Olrish Saurel

Personal information
- Date of birth: 13 September 1985 (age 40)
- Place of birth: Cap-Haïtien, Haiti
- Position: Defender

Senior career*
- Years: Team / Apps / (Gls)
- 2007–2010: Don Bosco (Pétion-Ville)
- 2011: Chainat Hornbill
- Victory SC
- 2012–2013: Don Bosco (Pétion-Ville)
- 2013: Antigua Barracuda
- 2015–2016: Sidama Coffee
- 2017–2018: Dire Dawa

International career
- 2007-: Haiti / 20 / (2)

= Olrish Saurel =

Haitian football player (born 1985)

Olrish Saurel (born 13 September 1985) is a Haitian footballer who is last known to have played as a defender for Dire Dawa. Besides Haiti, he has played in Thailand and Ethiopia.

==Club career==
Saurel started his career with Haitian side Don Bosco (Pétion-Ville).

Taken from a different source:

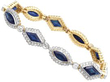 Marquise Sapphire and Diamond Bracelet closed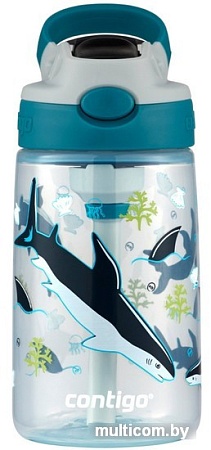 Бутылка для воды Contigo Gizmo Sip 2136792 (акулы)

After that, he signed for Chainat Hornbill in Thailand. After that, he returned to Don Bosco (Pétion-Ville).

In 2013, Saurel signed for Antiguan club Antigua Barracuda. After that, he signed for Sidama Coffee in Ethiopia.

==International career==
He is a former Haiti international. He scored as Haiti came back from 2–0 down to draw 2–2 with Italy which was seen as a schock result.